There are certainly perks to being a renter. You don’t have mortgage payments, you don’t have to pay property taxes or mortgage and homeowners insurance, and, because it should be your landlord’s problem, your weekends are not taken up with pesky maintenance work or repairs. In theory it’s a pretty good deal.
And, for a while, especially when you are young and single, renting is cool. But it’s not stable and the fact is that all of that money you part with on the first of every month is getting you nothing more than a roof over your head for another 30 days or so. You are gaining no equity in a home and your landlord is free to sell up whenever they like. However, in many cases renters are not renting because they love the idea. It’s the lack of cash for a down payment that is holding them back.
In fact, a recent Bank of Montreal survey found that one quarter of Canadians under 40 live paycheque to paycheque , and have less than $1,000 in a savings account of any kind.
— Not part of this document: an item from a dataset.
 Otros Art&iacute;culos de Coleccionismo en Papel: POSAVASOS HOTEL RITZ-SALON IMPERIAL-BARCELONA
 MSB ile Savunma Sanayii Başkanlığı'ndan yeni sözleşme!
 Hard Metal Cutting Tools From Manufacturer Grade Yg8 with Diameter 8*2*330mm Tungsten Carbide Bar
And what’s more 35% of those people said that they saw no way to change that situation.
The good news is though, there are some less painful than you might imagine simple ways to start saving money for a home of your own. Here are just a few practical ideas.
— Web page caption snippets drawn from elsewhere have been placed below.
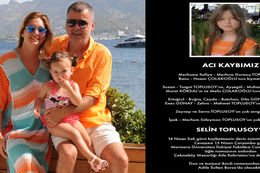 Toplusoy Ailesi'nin acı günü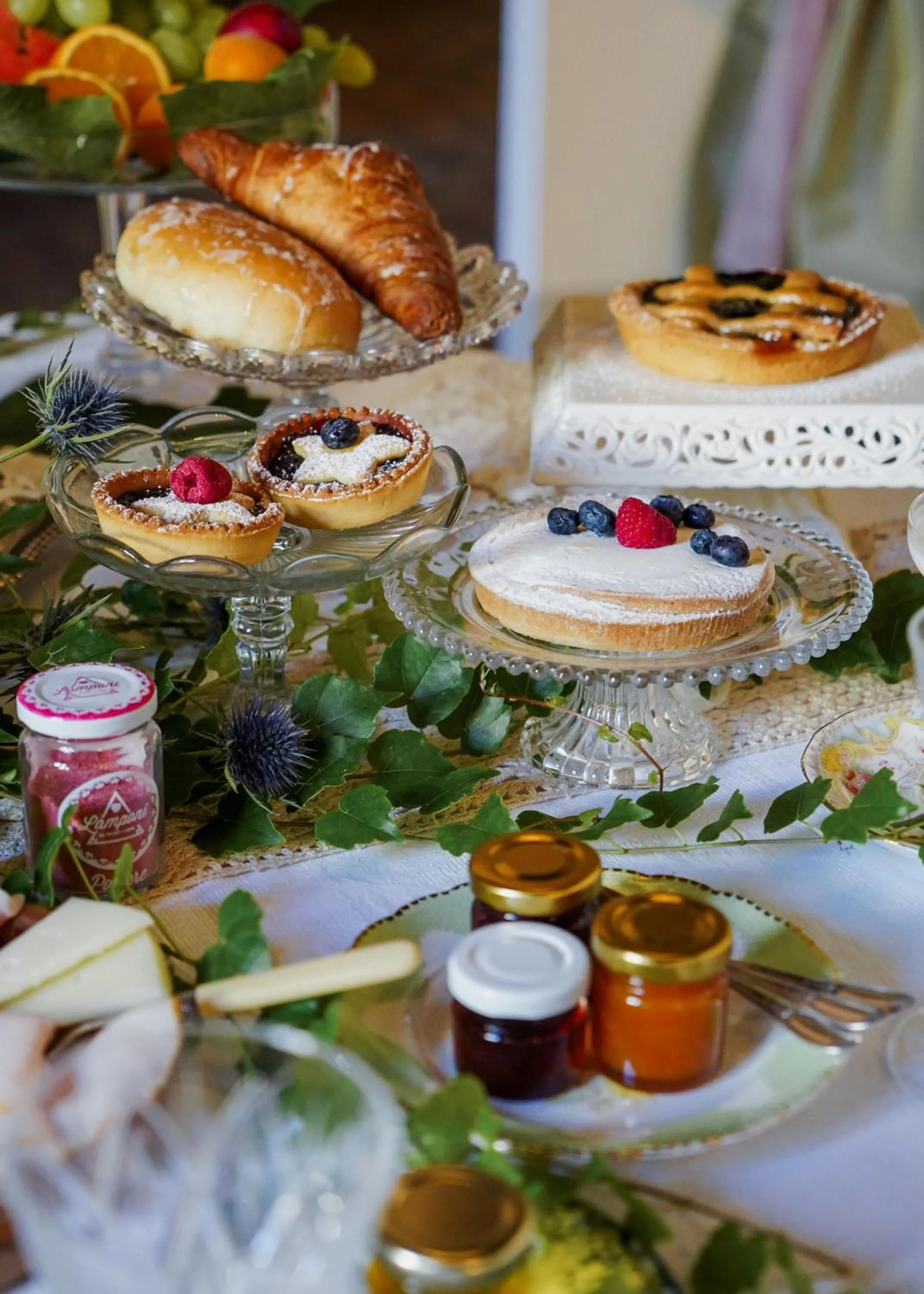 Breakfast in B&B dei Papi Boutique Hotel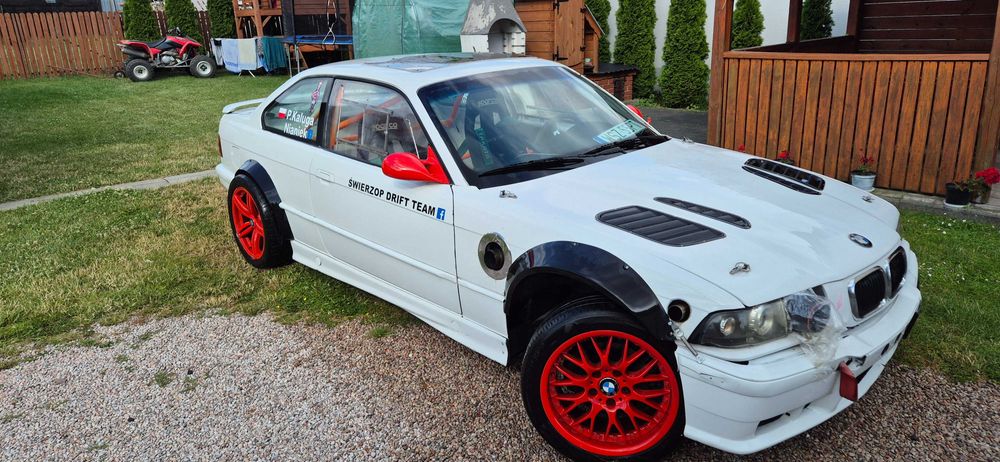 BMW E36, DRIFT, 540KM Etanol. zamiana na samochód cywilny lub Quad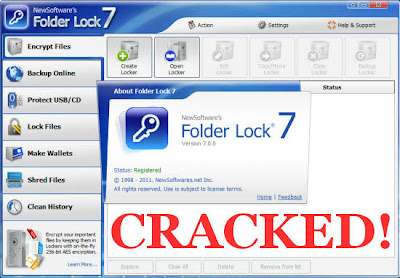 Free Download Folder Lock 7.1.0 Final with serial full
Set Some Solid Savings Goals
Although your home shopping days may still be a ways away it’s important to figure out exactly how much house you can afford, based on your current income(s). Once you do that you’ll have a pretty good idea of just how much you need to save for a down payment, and research shows those who set specific savings goals do a better job at putting money away than those who don’t.
Take a Long Look at Your Current Habits
Spend an evening going through your bank and credit card statements from the last six months. Where is your money really going? Many people find that once they do this – and do it honestly – they have been ‘wasting’ more money than they imagined.
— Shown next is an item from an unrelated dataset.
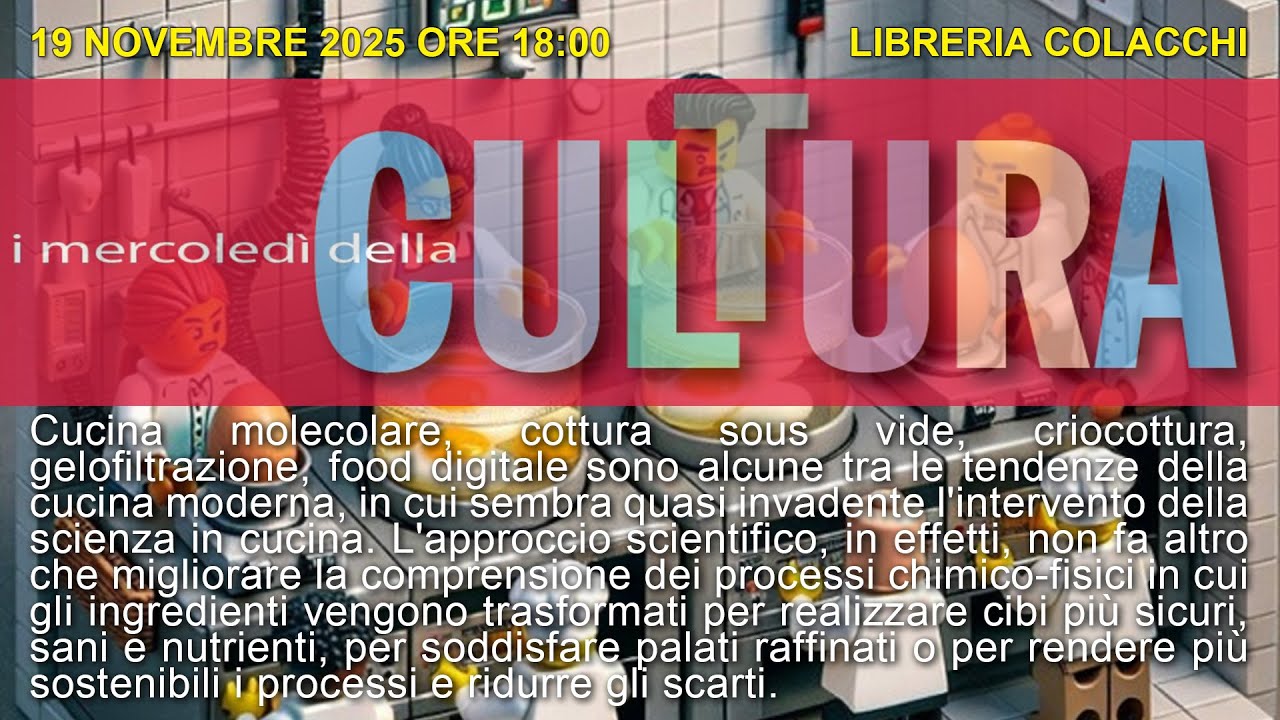 La perfetta cottura dell'uovo con Ernesto Di Maio - 19/11/2025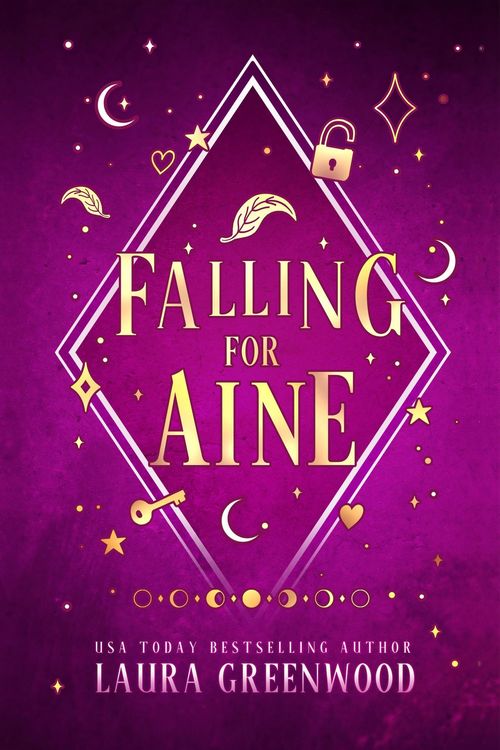 Produktbild: Falling For Aine (Jinx Paranormal Dating Agency, #1)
Open a High Yield Savings Account
Saving money in a standard savings account is a good first step, but to get really serious about saving for a down payment you need to make your money work harder. Open a higher yield savings account and stash the cash there instead.
Brainstorm Some Less Painful Ways to Save
Saving for a down-payment does not have to mean giving up everything you love. Here are a few expenses you may be able to cut without feeling too much pain:
Shrink your TV Package
The average cable TV bill in Canada is going up, not down. Cutting the cord – that is ditching the cable company and streaming shows instead — can help you save money. And you don’t have to be glued to a computer. Set top boxes allow you to stream to a TV with ease and are relatively cheap and if you have a gaming console many of those can too.
Not willing to give up channels? Call you cable provider anyway, and try to negotiate a lower rate. If there’s another cable provider in your area, you’ve got leverage.
Drop the Gym Membership
It’s summer — get your exercise outdoors. Jogging, hiking, and climbing outside is free. And so is following one of the hundreds of at home exercise videos on YouTube once the colder weather returns. Or, if you want to be really on trend right now, download the Pokemon Go app to your phone. You’ll be surprised how far this addicting little game gets your walking in search of your prey!
Declutter for Cash
Most of us have too much stuff and a lot of it isn’t junk at all, it has just stopped being of use to us. If yours is a relatively busy neighborhood a yard sale may be an easy way to unload some of your your clutter for cash. Get the word out by promoting it on Craigslist – yard sale fans stalk those listings believe me – and posting signs in the neighborhood several days in advance.
If a local sale isn’t an option, or you have items to sell that are a little too good for a yard sale (especially tech gear and higher end clothing) then eBay, Etsy and Craigslist are all still great marketplaces to sell your stuff through.